Rev.& Tax.Code §§ 23649 (for corporation franchise tax) and 17053.49 (for personal income tax), respectively, provide a 6% tax credit for certain manufacturing and research property purchased or paid for on or after January 1, 1994. The credit, termed the investment tax credit ("ITC"), is administered by the Franchise Tax Board ("FTB")[fn. 32] and is available for tax years beginning after 1993.[fn. 33] However, for the 1994 tax year, the credit must be claimed on the 1995 return.

Similar to the sales and use tax exemption, the ITC extends to "qualified persons" for amounts paid for qualified property that is placed in service in California. As stated earlier, taxpayers may not avail themselves of both the ITC and the sales and use tax exemption.[fn. 34] However, due to several distinctions between the exemption and the ITC, the exemption should not be viewed strictly as an "in lieu of" provision.

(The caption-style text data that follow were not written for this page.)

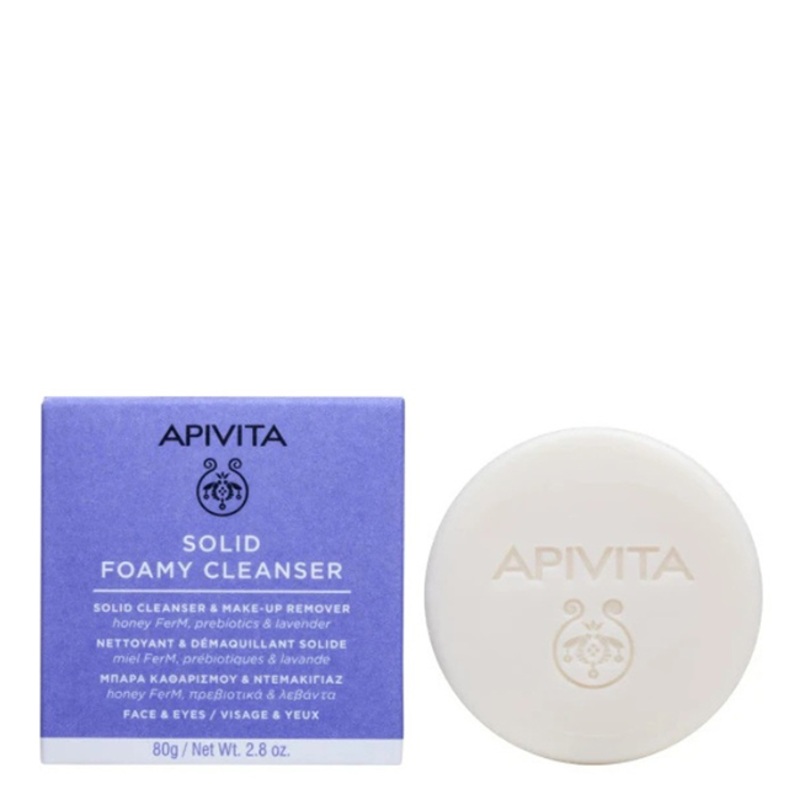 Apivita Solid Foamy Cleanser & Makeup Remover 80g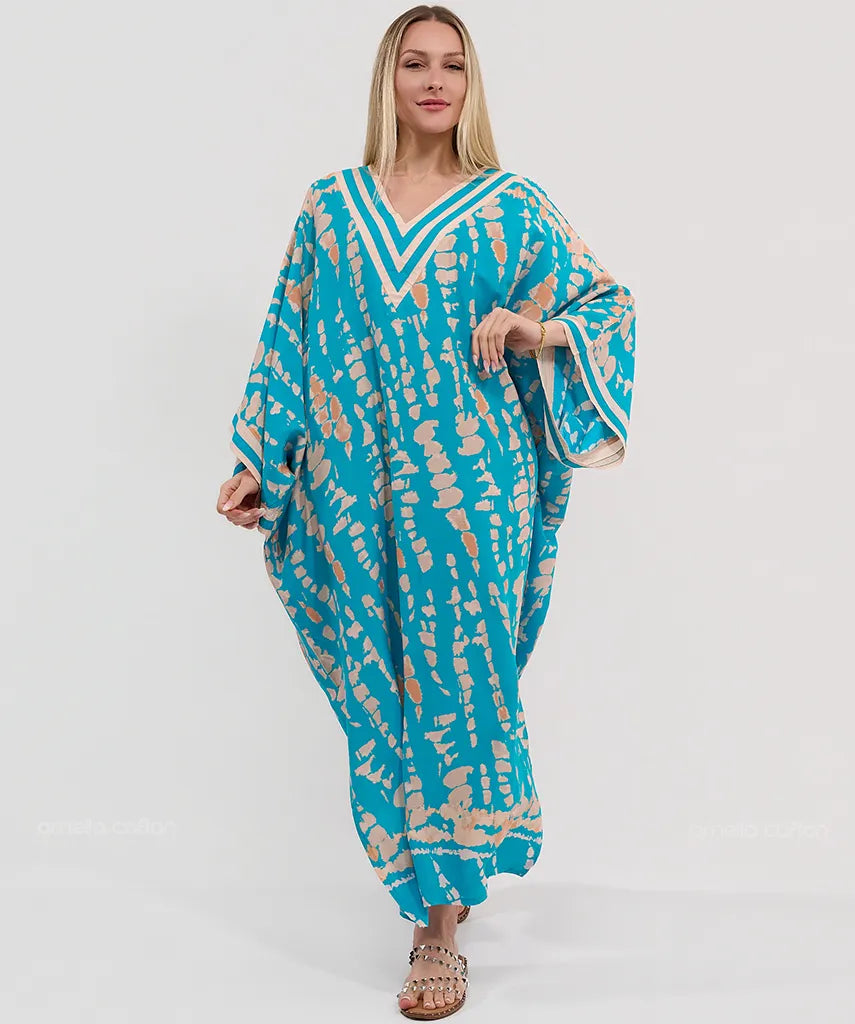 Kaftans Étoile |Aquamarine – Gata Raposa™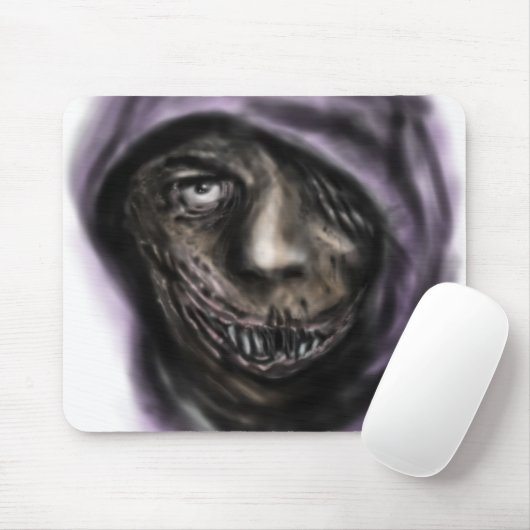 Das dunkle Lächeln Mousepad (Mit Mouse)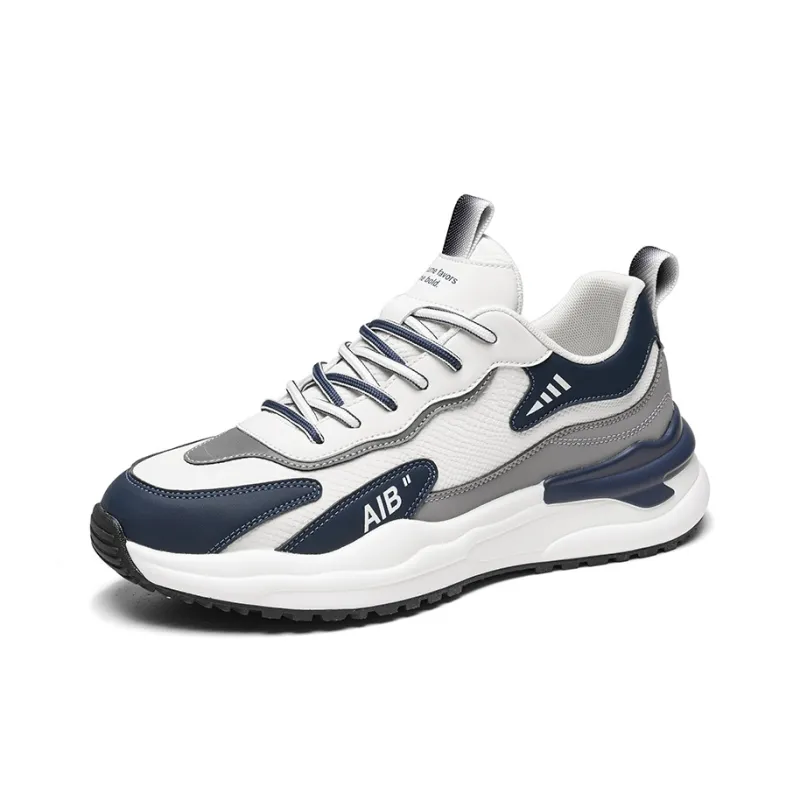 OFFER-AITR Warm Height Increasing Wear-Resistant Slip-Resistant Low-Top Casual Shoes Men's-19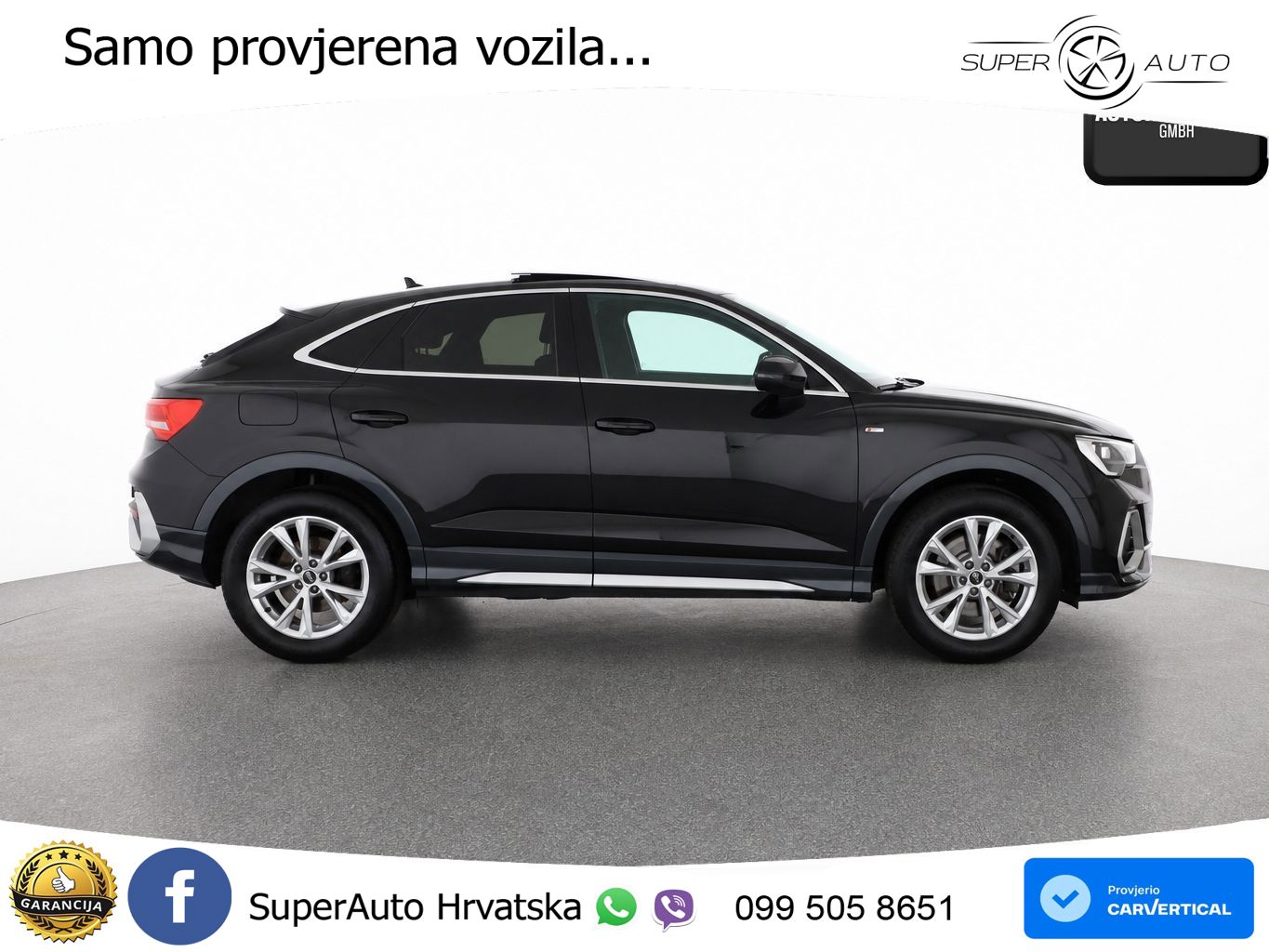 Audi Q3 II Sportback 45 TFSI (245 KS) quattro S tronic S line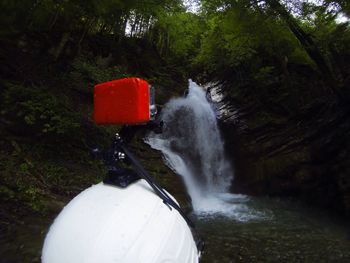 Waterfall in forest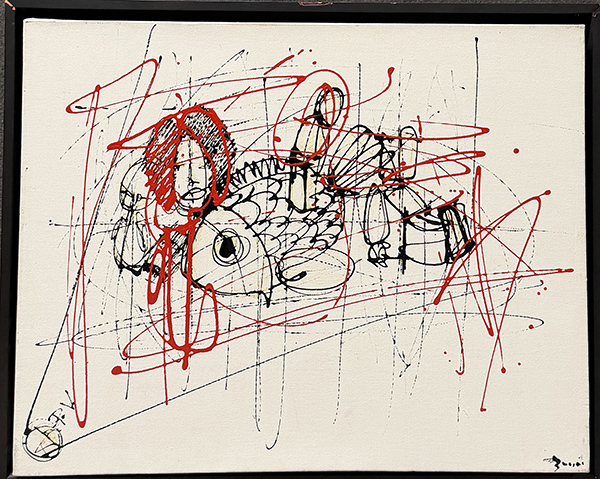 DANILO BUCCHI, "Da pagine di taccuino - studio", 2006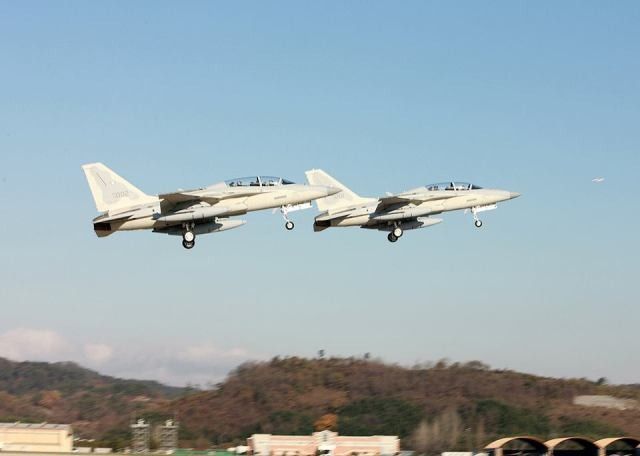 Air Force receives 2 more fighter jets from Korea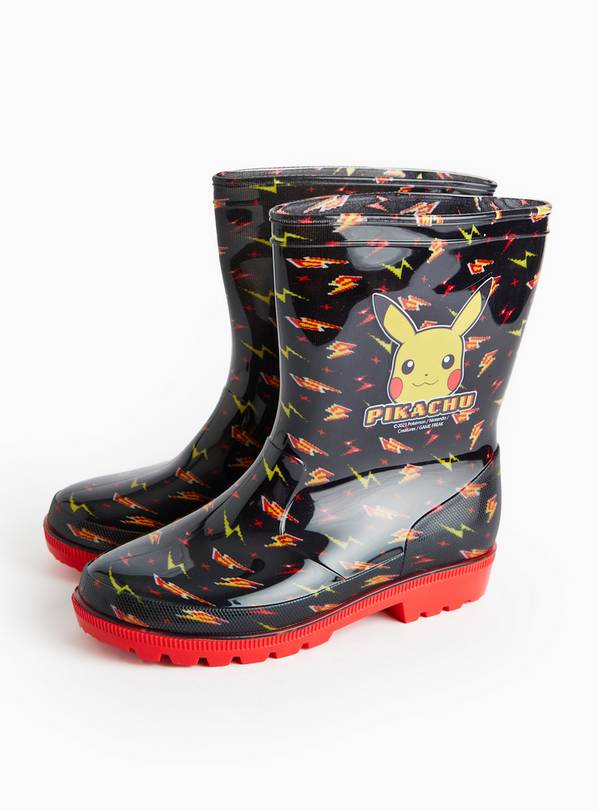 Pokemon Pikachu Printed Wellies 9 Infant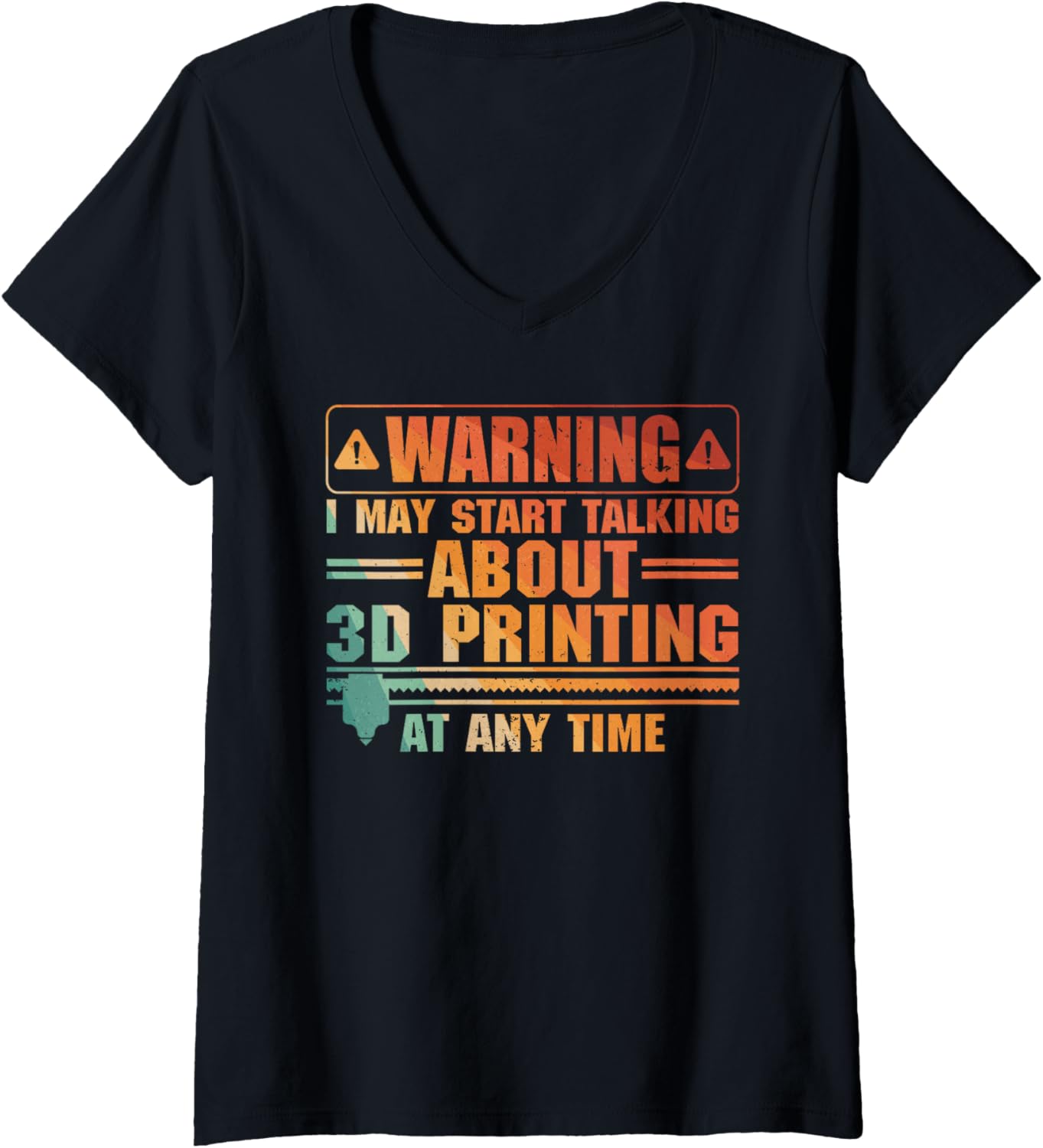 Womens Funny 3D Printer Art Men Women 3D Printing Worker Lover V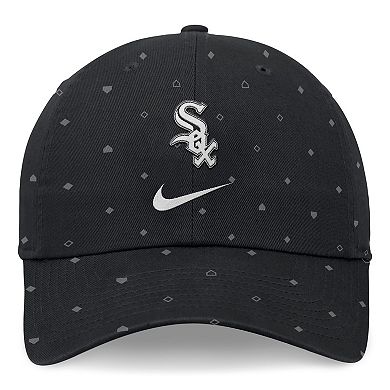 Men's Nike  Black Chicago White Sox Primetime Print Club Adjustable Hat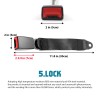 MGT 3.6M 3 Point Retractable Adjustable Car Seat Belt For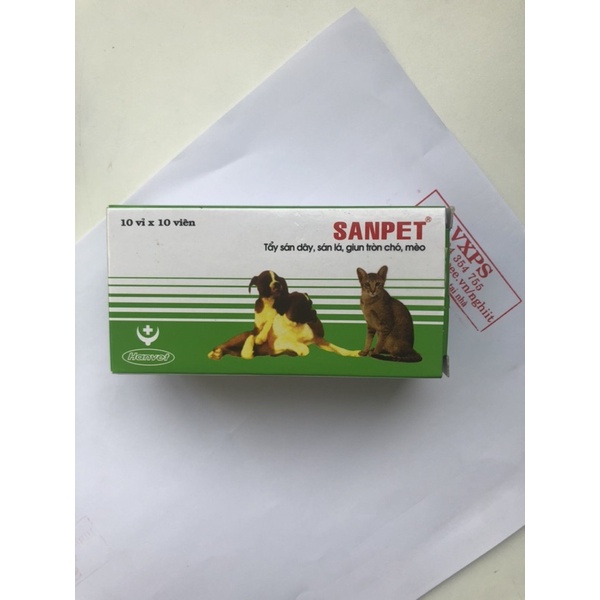 1 Viên San.pet cho chó Mèo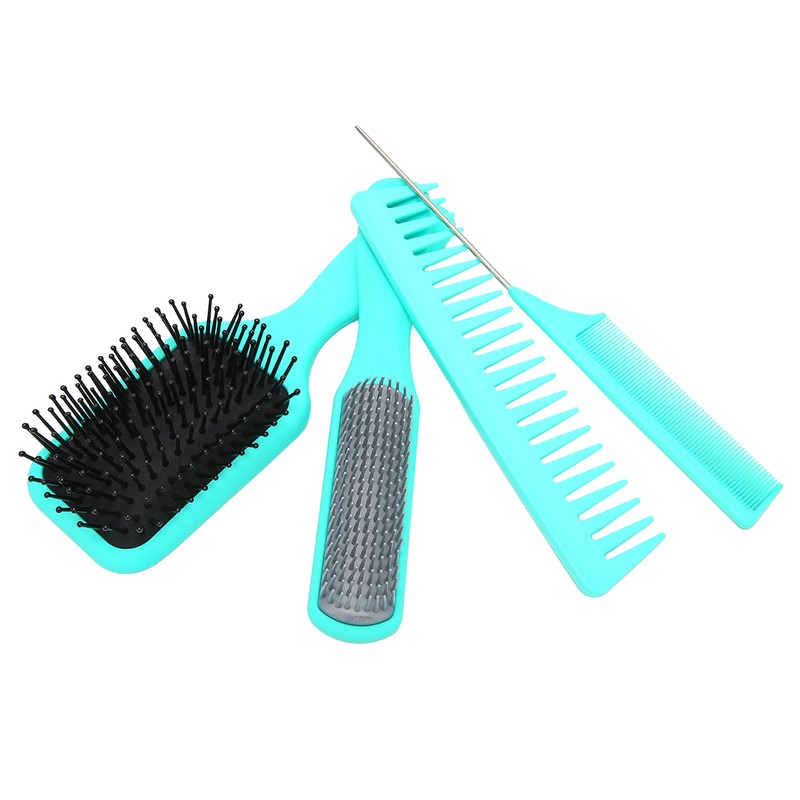 4Pcs Hair Brush Set Paddle Detangling Hair Brush Nine Rows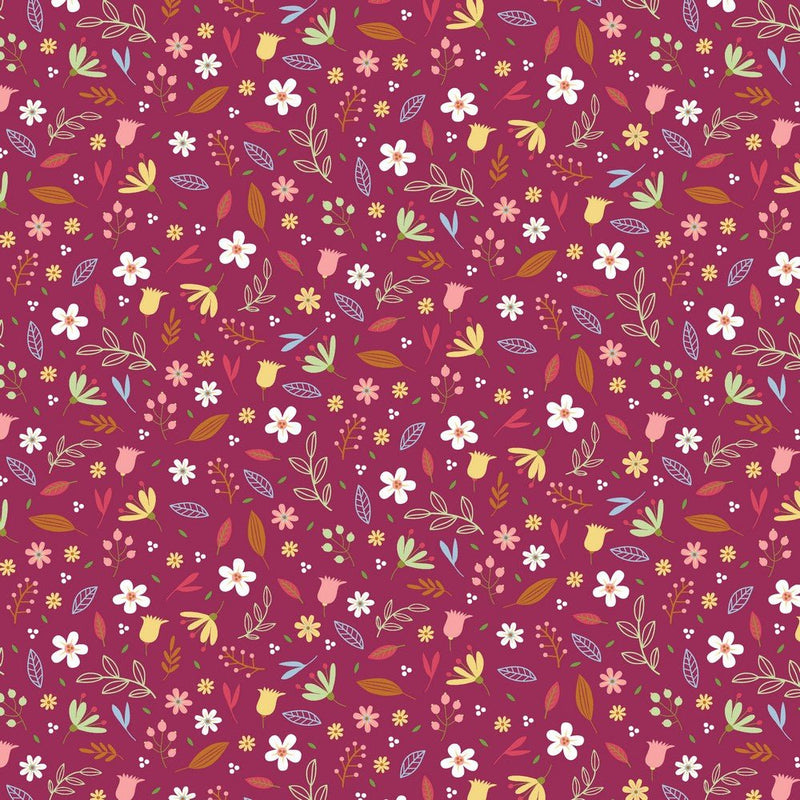 Floral - Cotton Print - The Fabric Counter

First, the scope of the ITC is much broader than that of the exemption because, for purposes of the ITC, "qualified persons" are not limited to start-up companies. Any company classified (per the SIC Manual) as engaged in manufacturing activities is eligible for the credit.

Second, although the definition of "qualified property" under the ITC is similar to the definition under the sales and use tax exemption, the ITC statutes go on to specifically limit property qualifying for the ITC to tangible depreciable property defined at Internal Revenue Code § 1245(a) with only a limited exception for certain manufacturing and biotech industries. However, it should be noted that SB 1292 would limit the sales and use tax exemption to I.R.C. § 1245 property.[fn. 35]

Third, the ITC explicitly excludes leased equipment from its definition of qualifying property while the sales tax exemption extends to leased property. This issue is also considered in SB 1292. The bill proposes extending the ITC to leased property.[fn. 36]

As this discussion demonstrates, the ITC is designed to benefit a larger number of businesses; but--unless and until certain SB 1292 provisions are enacted--it is applicable to a more narrowly defined list of property. Although excess ITC may be carried forward, a business which is forecasting minimal net income in its early years might be more advantaged by claiming the sales tax exemption. Accordingly, businesses that qualify for both the ITC and the exemption should undertake careful tax planning in order to derive the greatest benefit from these provisions.

Conclusion

The state sales and use tax exemption is directed specifically at start-up companies that might not be able to take the ITC in earlier years and that would be more advantaged by being able to reduce their sales tax burden in these years.[fn. 37] However, there are a number of considerations in determining whether or not the exemption is available and/or advantageous in a given set of circumstances.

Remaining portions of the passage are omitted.